From my reading, here's what I've learned here, at AudiWorld, and elsewhere on-line:
*iPod:* absolutely no connectivity beyond an FM transmitter. Dension is supposedly working on it, but they thought they'd be done nearly 6 months ago.
*Suspension:* Comments about the 18"/S-line package or sport packages is that the ride is TOO stiff, if you can believe it.
*Exhaust:* nada here either. Stock exhaust sounds nice to me though. Maybe I'm








*Wheels:* Evolution Sports (sponsor here) and others are offering a pretty healthy assortment.
*Engine Tuning/Chip:* haven't heard of anything either, though there maybe something for the 3.0 TDI in Europe. Given that the 3.1 runs at 12.5:1 compression, I'd wager there is little room for improvement.
*Brakes:* The sport upgrade uses a pretty beefy setup, but I'm no expert.
If I find anything, I'll edit this post.


----------



## skicross66 (Feb 19, 2003)

*Re: New to the forum (GLI_Man)*

Same here, I'll keep things updated on this forum if I find anything. I'm just getting into the A6 world, and I'm picking up the car tomorrow morning at 11, so I'll post some pics and what not also. Is there another forum for Audi, or is this the main one?


----------



## GLI_Man (Sep 1, 2002)

*Re: New to the forum (skicross66)*

AudiWorld's A6 (C6) Forum:
http://www.audiworld.com/forum/c6a6.html
That board is far more active, but I'm trying to do my part here.

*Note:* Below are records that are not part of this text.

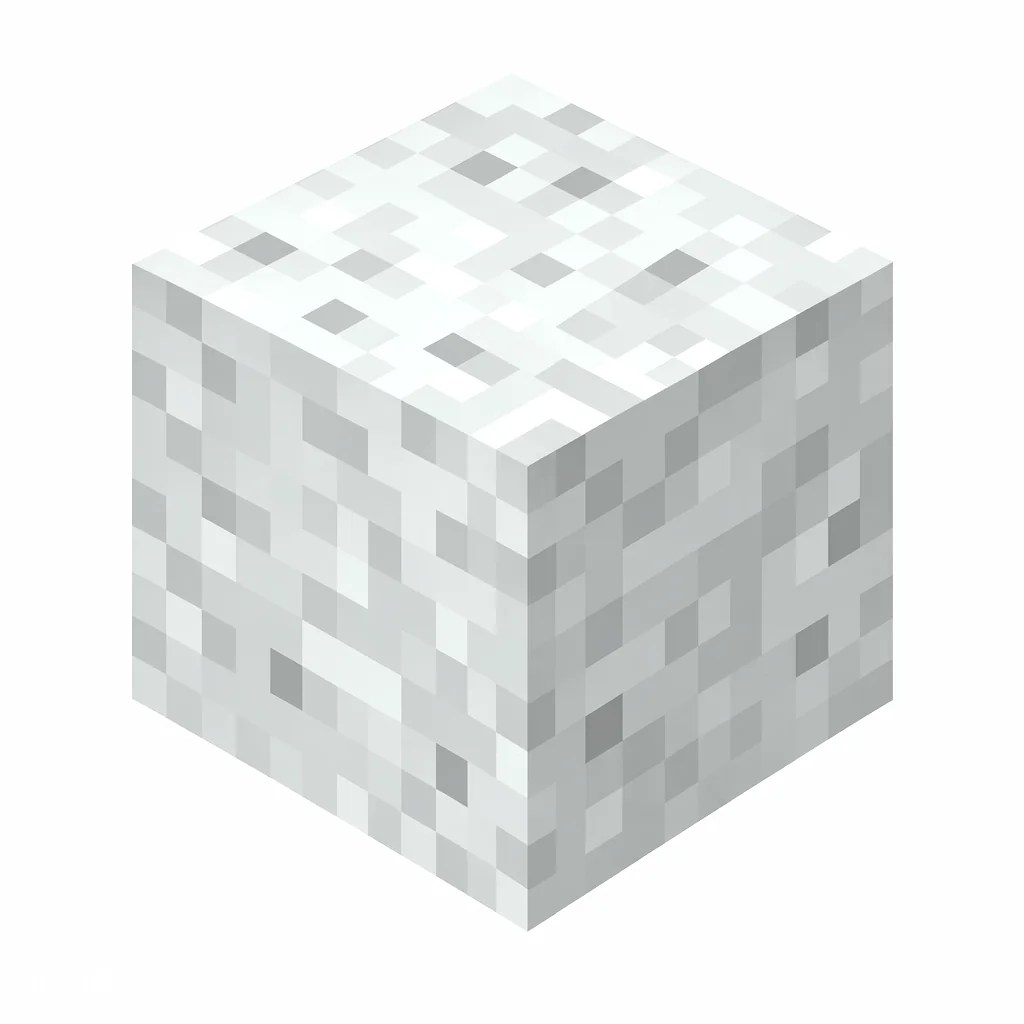 Pixel art illustration of a white concrete block with a fine speckled white cement texture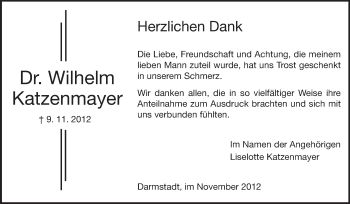 Traueranzeige von Wilhelm Katzenmayer von Darmstädter Echo, Odenwälder Echo, Rüsselsheimer Echo, Groß-Gerauer-Echo, Ried Echo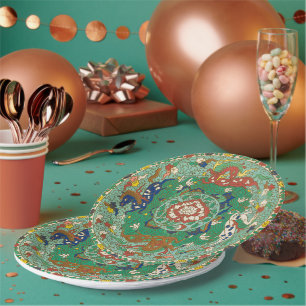 Chinese Horses Design Paper Plates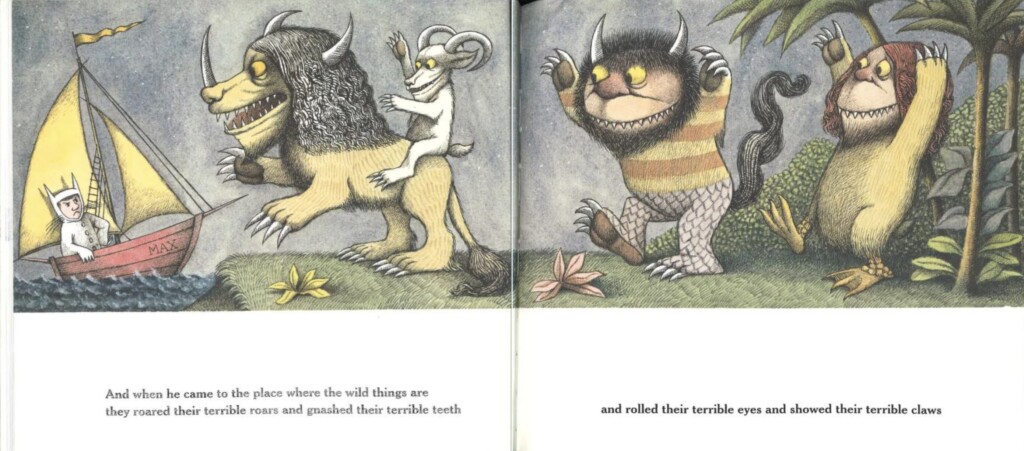 Page of Where the Wild Things Are. Text reads "And when he came to the place where the wild things are they roared their terrible roars and gnashed their terrible teeth and rolled their terrible eyes and showed their terrible claws"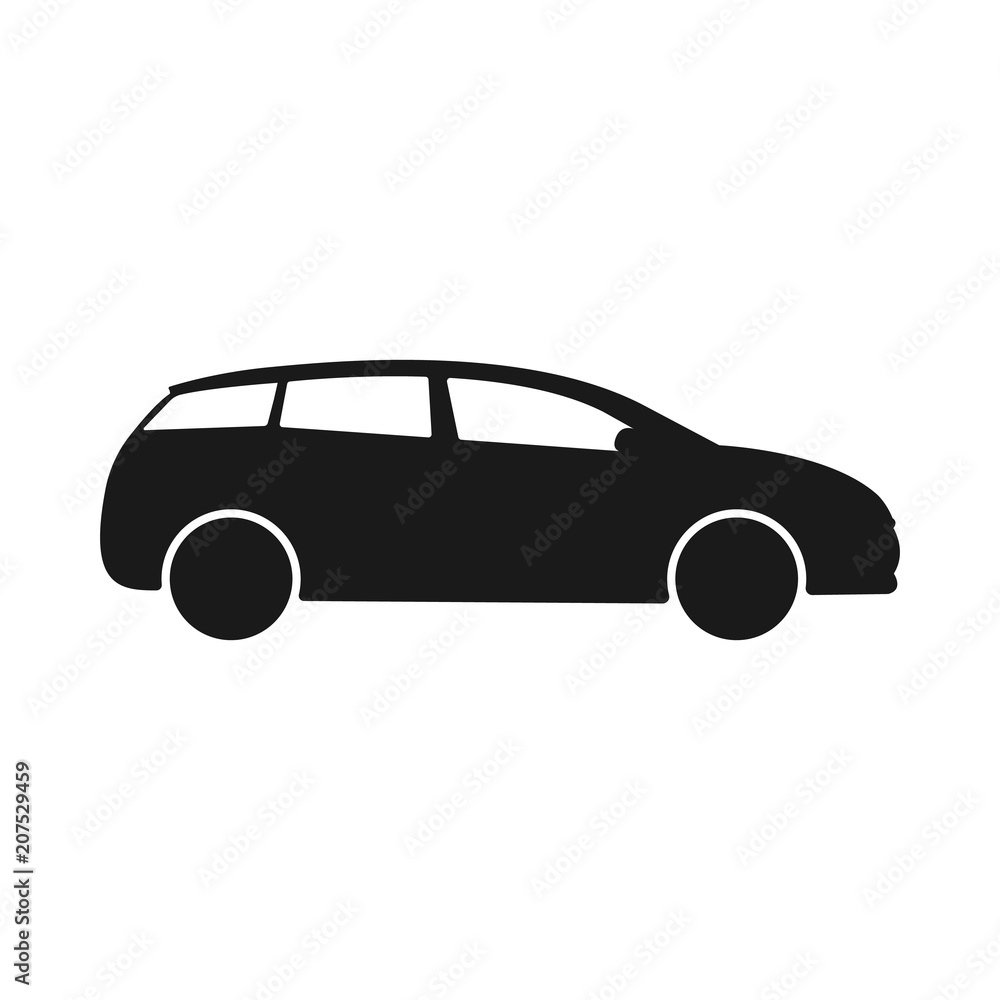 Car vector icon. Isolated simple side car logo illustration.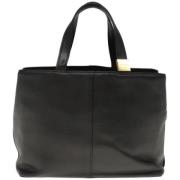 Pre-owned Leather totes Burberry Vintage , Black , Dames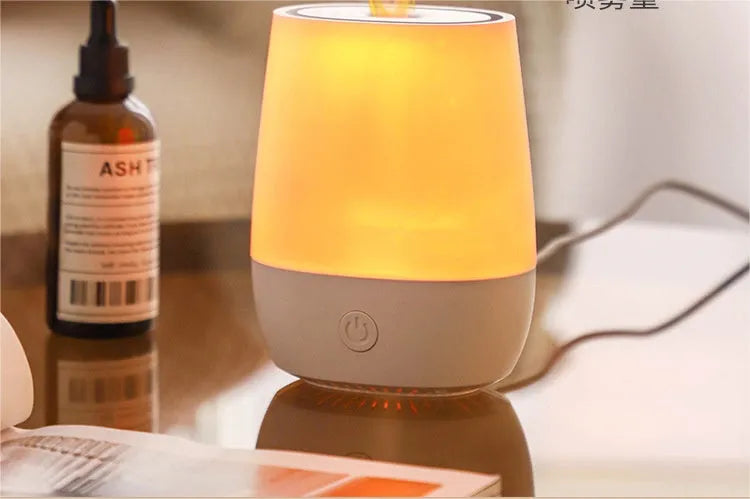 White USB aroma diffuser with simulated flame effect and humidifier function
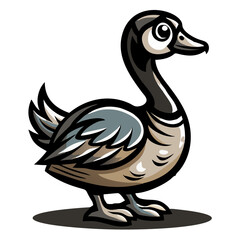 Cute cartoon Canada goose illustration.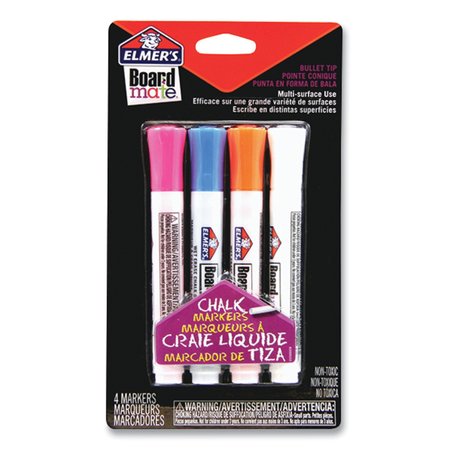 ELMERS Boardmate Wet Erase Chalk Markers, Broad Bullet Tip, Assorted Colors, PK4, 4PK E152MELM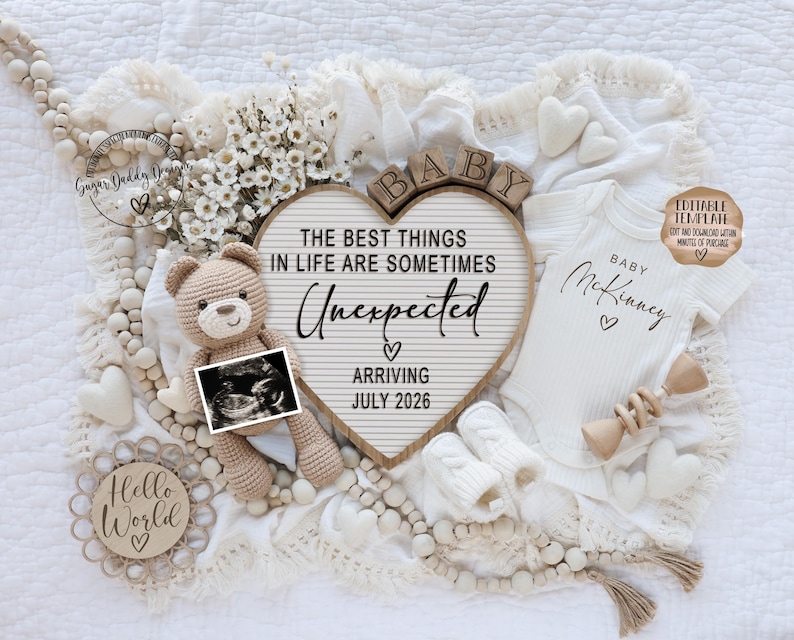 Unexpected Pregnancy Announcement: Teddy Bear, Editable Template (Digital Download) image 13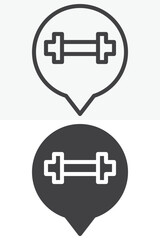 Obraz premium Dumbbell chat pin line outline & solid different style icon set pack
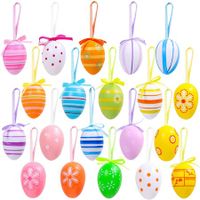 20 Pieces Easter Hanging Eggs Colorful Plastic Easter Eggs Easter Hanging Ornaments Easter Decoration, Random Styles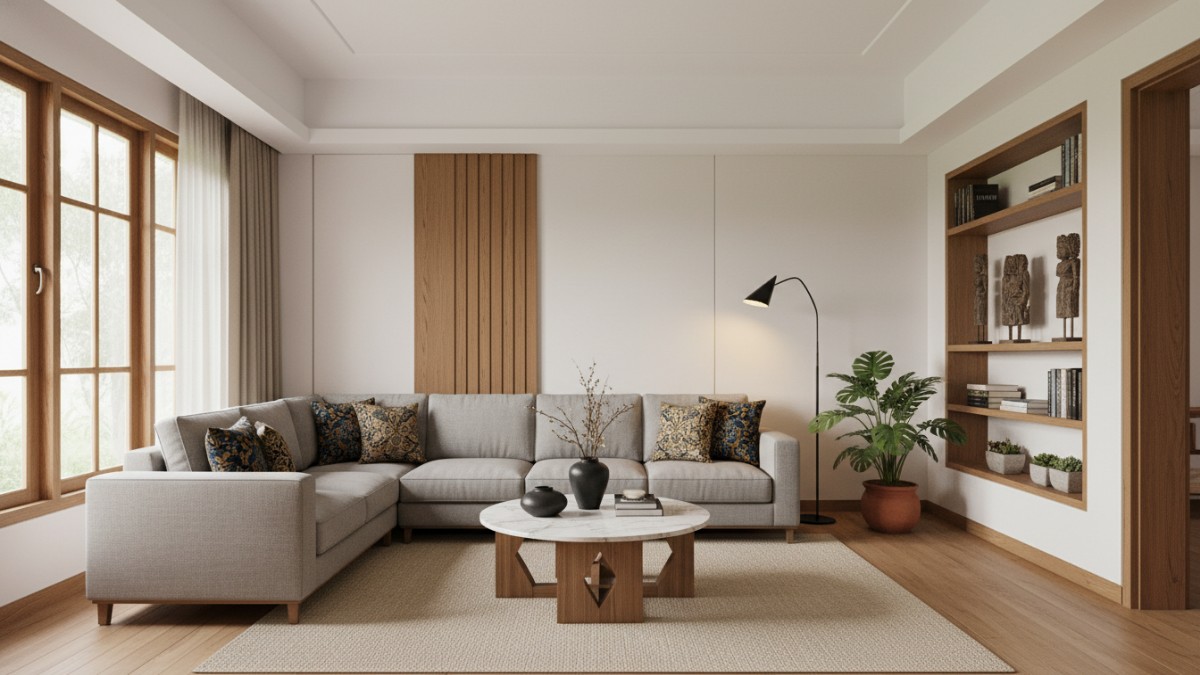 Ruang tamu minimalis elegan dengan furnitur ramping dan warna netral.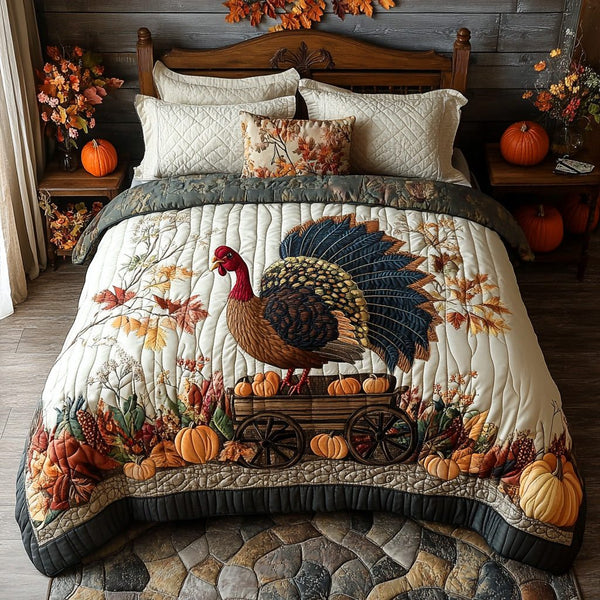 Cozy Roosting quilted 3-piece bedding set on a made bed with two matching pillow shams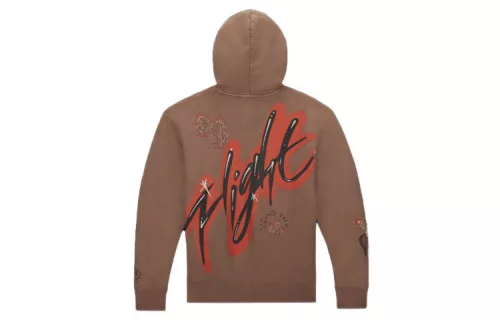 Travis Scott x Jordan Flight Graphic Hoodie Archaeo Brown – termékfotó, oldalnézet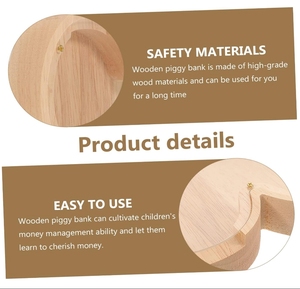 Chất lượng cao trái tim bằng gỗ hộp tiền với nắp trong suốt Bán hàng nóng con heo đất ngân hàng cho trẻ em - Product Image 6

I like how they run and mod thing here, and I find ZeroForum formatting far easier to read that the bb software that AudiWorld uses. I read there, but post here.


----------



## skicross66 (Feb 19, 2003)

*Re: New to the forum (GLI_Man)*

Yeah I totally agree, I hate that type of forum setup. I've always been a fan of VWVortex and this forum is exactly like that so I'm going to contribute all I can to this forum.


----------



## GLI_Man (Sep 1, 2002)

*Re: New to the forum (skicross66)*

Good luck with the car pickup! Be sure to post lots of pics!








I can host if you like - just email 'em.


----------



## skicross66 (Feb 19, 2003)

*Re: New to the forum (GLI_Man)*

Thanks alot, I'll have them up tomorrow during Thanksgiving... by the way Happy Thanksgiving everybody.


----------



## GLI_Man (Sep 1, 2002)

*Re: New to the forum (skicross66)*

Where are the goods? http://****************.com/smile/emgift.gif http://****************.com/smile/emgift.gif


----------



## ebenke (Sep 10, 2005)

*Re: New to the forum (GLI_Man)*

18" S-line wheels with the sport suspension is NOT too stiff, its just right. the ride is excellent, handling is decent too. I am thinking of going with 19" or 20" wheel/tires as well. Maybe the extra weight of the 4.2 helps.
Anybody know where I can find the front bumper turn signal lenses for the S-Line bumper? I am llokking for smoked or clear.


----------



## skicross66 (Feb 19, 2003)

*Re: New to the forum (ebenke)*

I also wanted to smoke my corner lenses on my A6. I don't have the S-Line bumper.


----------